TASK BRIEF
Would you reproduce, word for word, only the lines running from the top of the data through the line containing "Boucles d'oreilles dormeuses", and none of the pictures?

Short web captions:
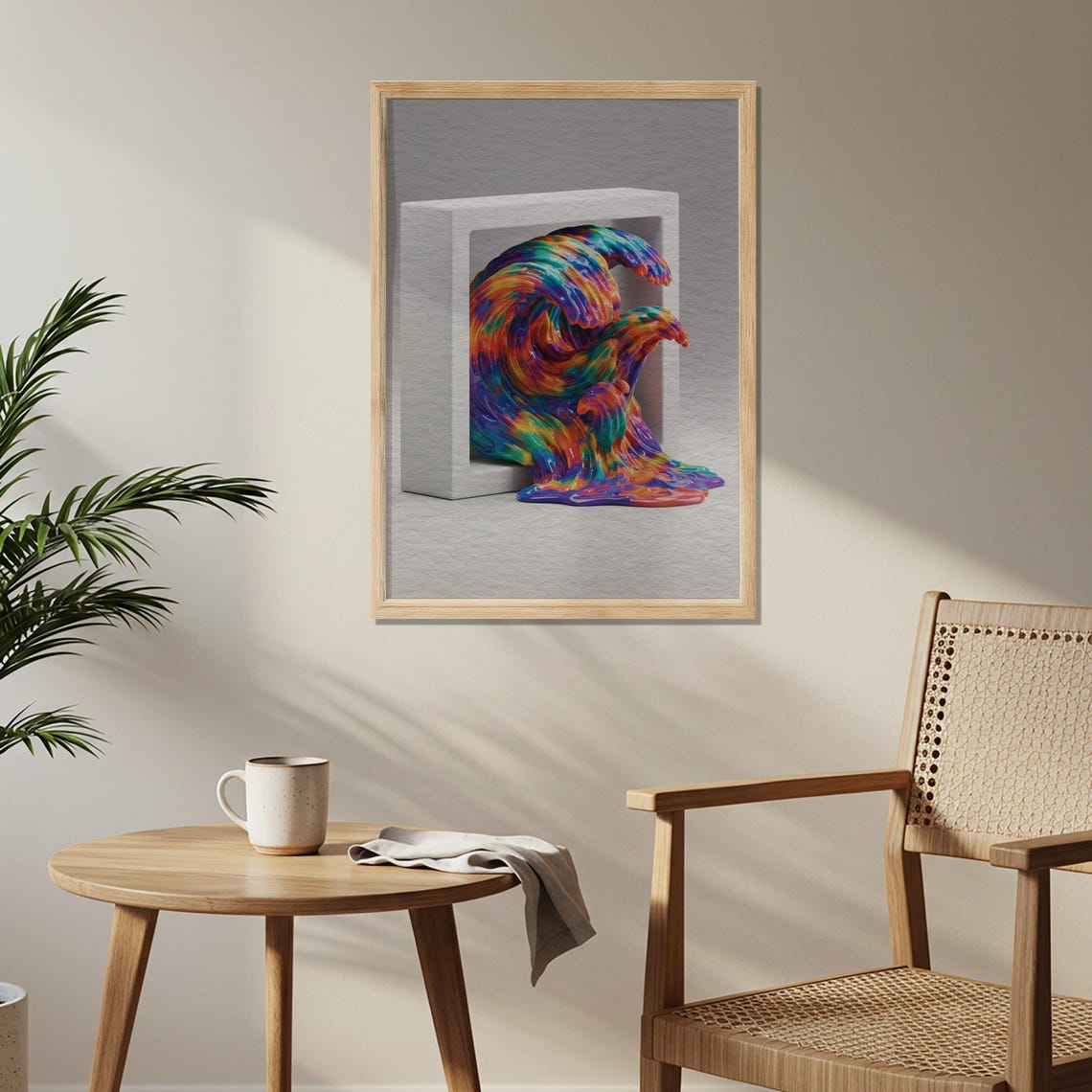 Vibrant Rainbow 3D Liquid Paint Wave Bursting Out Abstract Art Poster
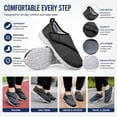 thumbnail image 3 of YOURDIARY Wide Width Slip On Walking Shoes for Women & Men, Adjustable Hook & Loop Breathable Knit Non-Slip Comfort Casual Sneakers, 3 of 7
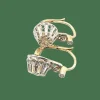 Boucles d'oreilles dormeuses or jaune et blanc Diamants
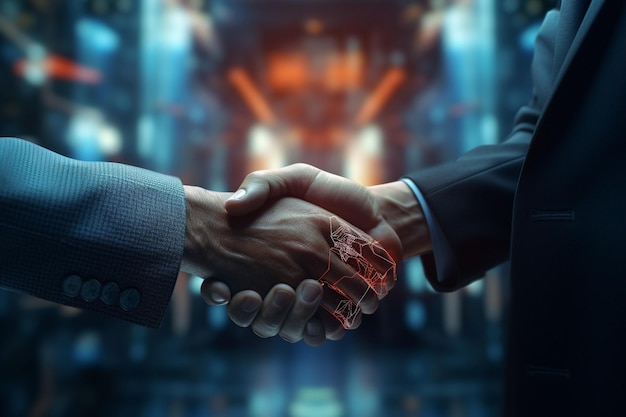 Closeup of a handshake between investors Generative ai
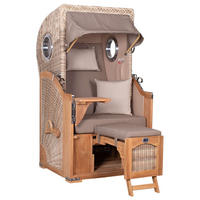 STRANDKORB Düne 1 Sitzer Teak PE Shell - Taupe/Braun, Holz/Textil (96/165/80cm) - Mr. Deko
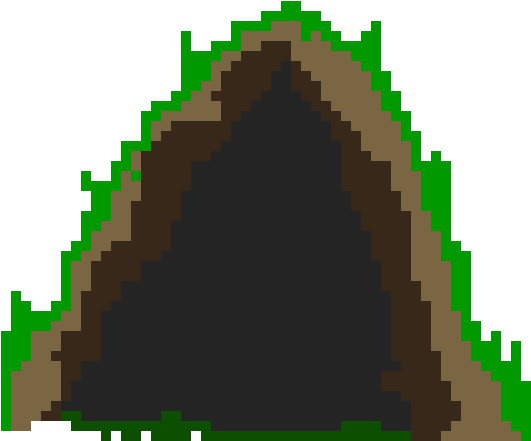 Pixelated Cave Entrance PNG image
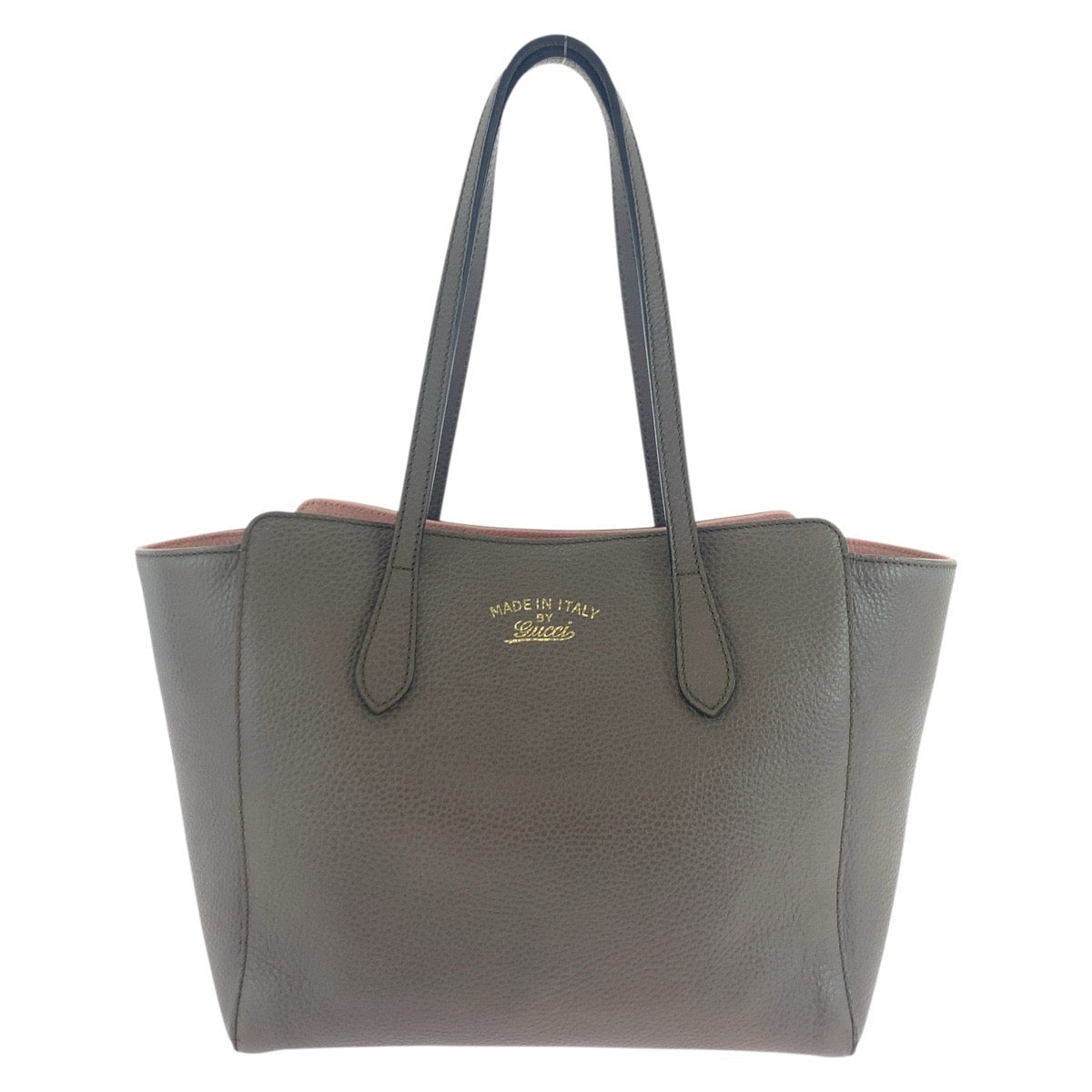GUCCI Tote Bag 354408 leather Brown Greige Pink Tote Bag Shoulder Bag Swing Women Used Authentic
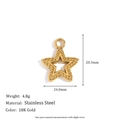 Star-shaped 18K gold plated stainless steel pendant with 28.3mm x 24.0mm dimensions - Hollow Star Pendant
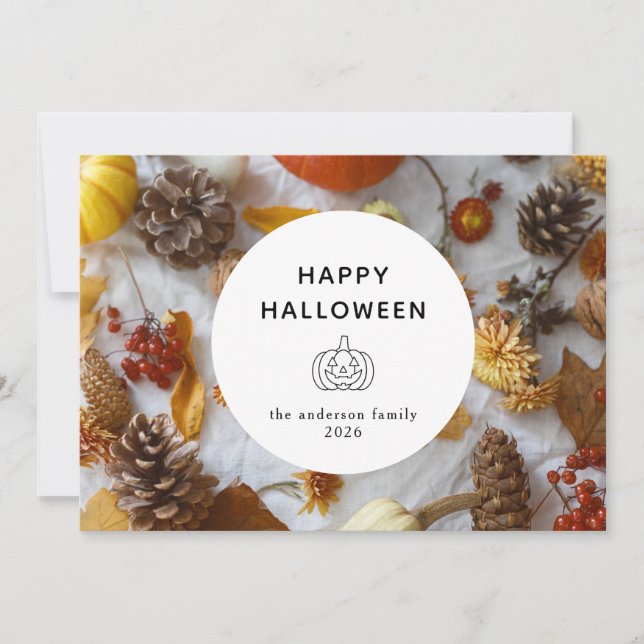 Minimalistiskt Modern Spooky Happy halloween 3-fot Julkort (Framsida)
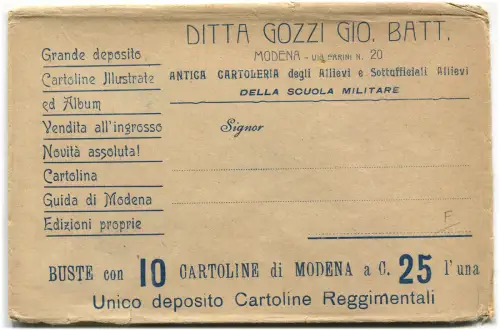 MODENA, BRIEFUMSCHLAG FIRMA GOZZI G. B., ANTIKE BRIEFPAPIER MILITÄRSCHULE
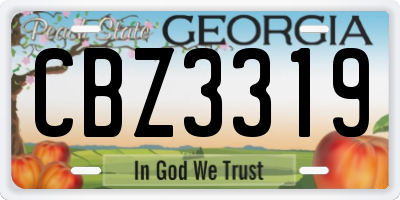 GA license plate CBZ3319
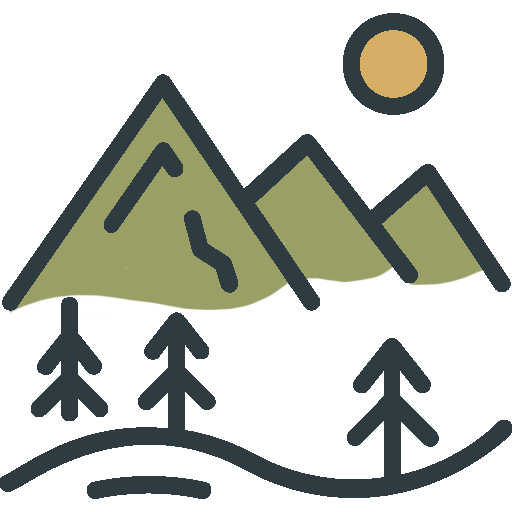 Illustration of mountains, trees, a sun or moon in the sky, and wavy ground or water.
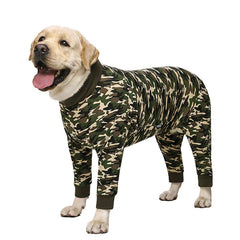 Miaododo traje recuperación para perros mediano/grande, vista frontal, protege la herida.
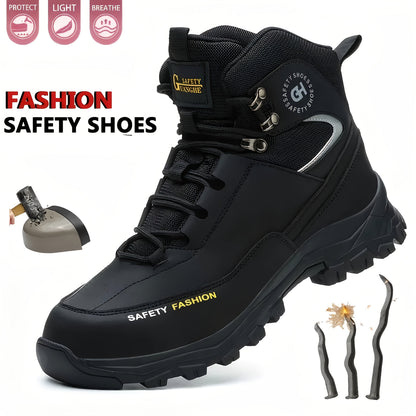 Men's Lace-Up Work-Style Shoes - Reinforced Toe and Rubber Sole – main product image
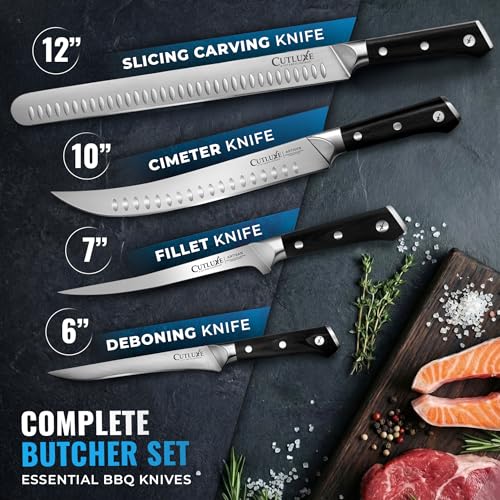Cutluxe Butcher Knife Set, Brisket, Breaking, Boning & Fillet for Meat - size: 4 Pcs Brisket Knife Set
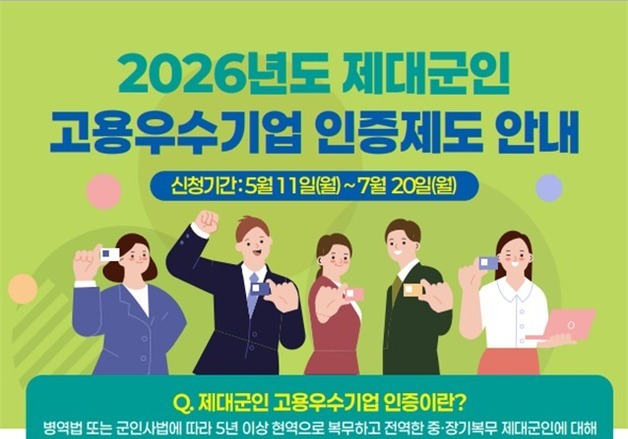 2026 제대군인 고용우수기업 인증 접수시작…여신 금리 우대 혜택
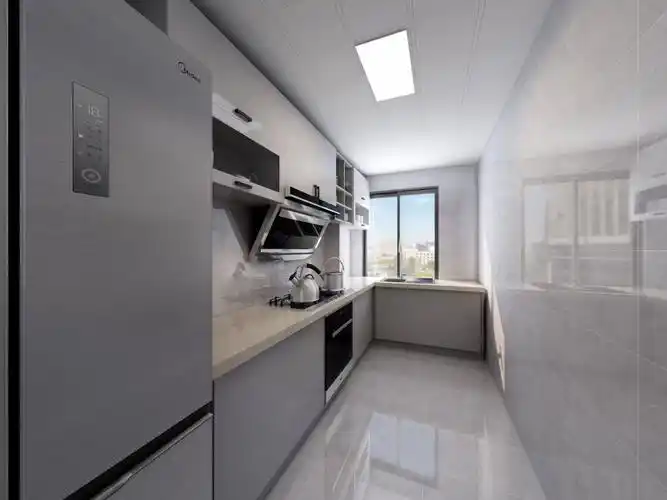 厨房整体采用的灰色的柜体,与客厅的灰色家具相呼应,石材台面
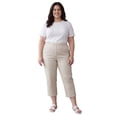 thumbnail image 6 of Turtle Bay New York Women's Elastic Waist Pull On Stretch Twill Capri with side pockets (Plus Sizes), 6 of 10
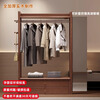 Shaochengke coat rack floor-standing household solid wood coat rack dressing mirror combination living room bedroom multi-functional fitting mirror storage rack walnut color-120cm (installation included)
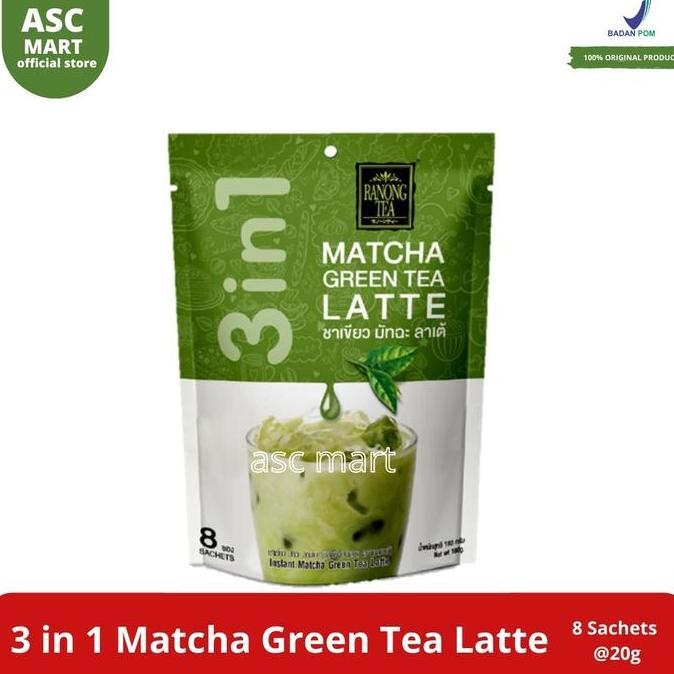 

Super Murah!, Ranong Tea 3 In 1 Matcha Green Tea Latte - 8 Sachets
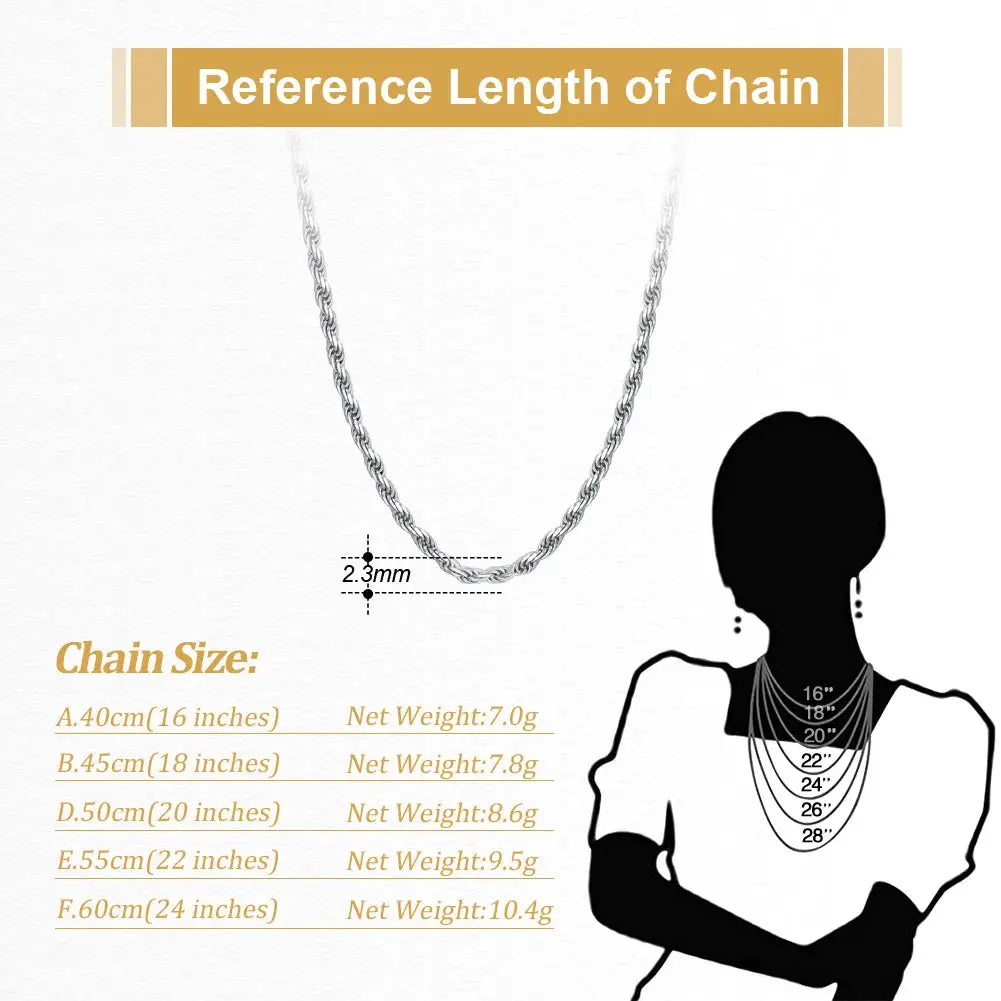 Rinntin 925 Sterling Silver 2.3mm Diamond-Cut Rope Chain Necklace For Women Men Fashion Silver Luxury Necklace Jewelry Gift SC29 NNOS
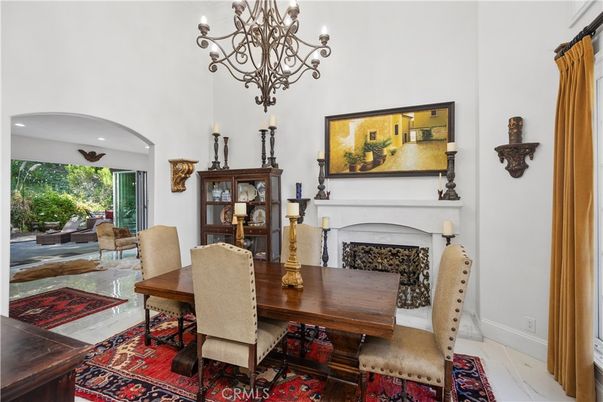 Chandelier, Dining room, Fireplace, Interior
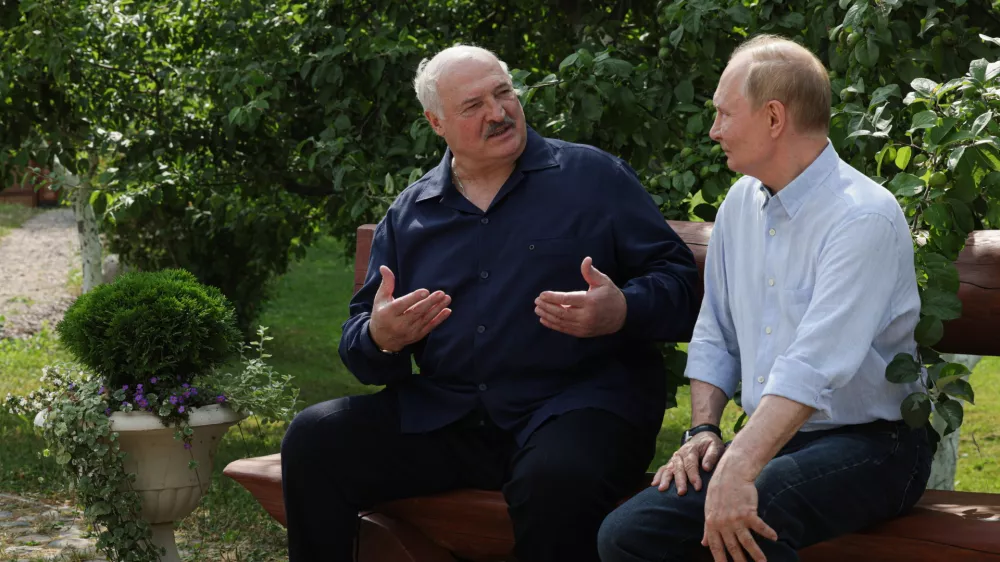 01 August 2025, Russia, Valaam: Belarusian President Alexander Lukashenko (L) and Russia's President Vladimir Putin visit Smolensk Skete of Valaam Monastery. Photo: Gavriil Grigorov/TASS via ZUMA Press/dpa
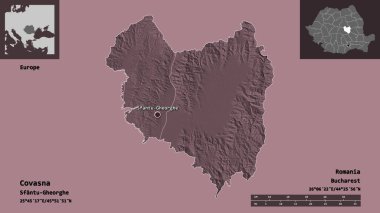 Romanya 'nın Covasna ilçesi ve başkenti. Uzaklık ölçeği, ön gösterimler ve etiketler. Renkli yükseklik haritası. 3B görüntüleme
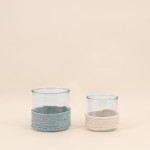 Set de 2 photophores verre et corde beige | Hashtag Déco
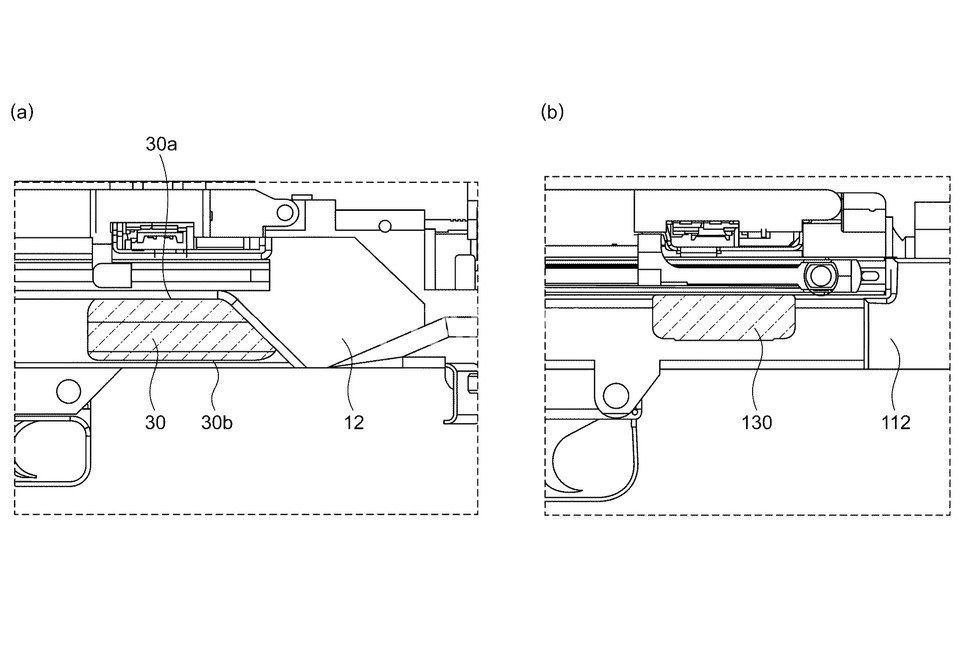 2019년에 일본 특허청에 출원된 스미토모 중기계의 신형 기관총 단면도 5. 장전손잡이의 형태나 탄피/급탄 링크 배출구의 형상은 미니미의 것을 그대로 차용한 듯 보인다.  
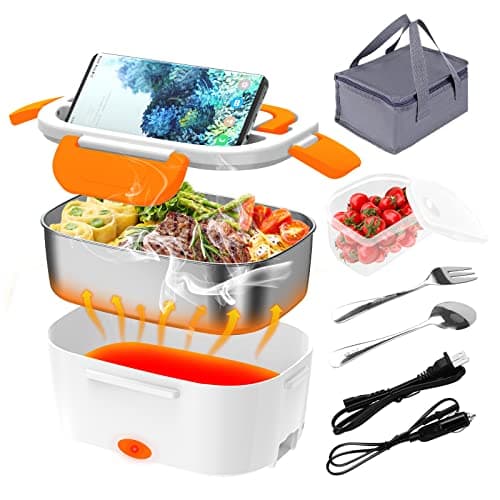 12V/24V/110V 80W Faster Heated Electric Lunch Box with 1.5L 304 SS Container — White+Orange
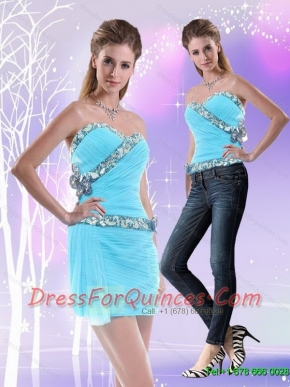 Detachable The Most Popular Mini Length Sweetheart Baby Blue Prom Dress with Beading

YOUR RESPONSE
 Vibrant Rainbow 3D Liquid Paint Wave Bursting Out Abstract Art Poster
 thumbnail image 3 of YOURDIARY Wide Width Slip On Walking Shoes for Women & Men, Adjustable Hook & Loop Breathable Knit Non-Slip Comfort Casual Sneakers, 3 of 7
 Boucles d'oreilles dormeuses or jaune et blanc Diamants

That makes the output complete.